Mas reparai: Deus não nos declara: em vez do coração, dar-vos-ei uma vontade própria de puro espírito. Não, dá-nos um coração, e um coração de carne, como o de Cristo. Não tenho um coração para amar a Deus e outro para amar as pessoas da Terra. Com o mesmo coração com que amo os meus pais e estimo os meus amigos, com esse mesmo coração amo Cristo, e o Pai, e o Espírito Santo, e Santa Maria. Não me cansarei de vos repetir: temos de ser muito humanos, porque, se não, também não podemos ser divinos.

O amor humano, o amor cádeste mundo, quando é verdadeiro, ajuda-nos a saborear o amor divino. E assim entrevemos o amor com que havemos de gozar de Deus e aquele que lá no Céu nos há-de unir uns aos outros, quando o Senhor for tudo em todas as coisas. E, começando a entender o que é o amor divino, havemos de nos mostrar habitualmente mais compassivos, mais generosos, mais entregados.
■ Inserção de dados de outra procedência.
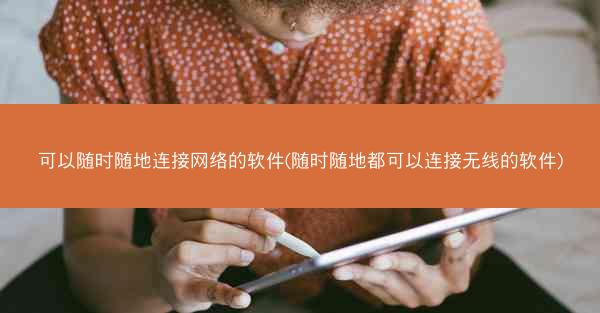 可以随时随地连接网络的软件(随时随地都可以连接无线的软件)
Havemos de dar o que recebemos, ensinar o que aprendemos; levar os outros a participar - sem soberba, com simplicidade - desse conhecimento do amor de Cristo. Quando cada um de vós realiza o seu trabalho, exerce a sua profissão na sociedade, pode e deve converter essa tarefa num serviço. O trabalho bem acabado, que progride e faz progredir e tem em conta o avanço da cultura e da técnica, realiza uma grande função, que será sempre útil à humanidade inteira, se nos mover a generosidade, não o egoísmo; o amor por todos, não o proveito próprio; se estiver cheio de sentido cristão da vida.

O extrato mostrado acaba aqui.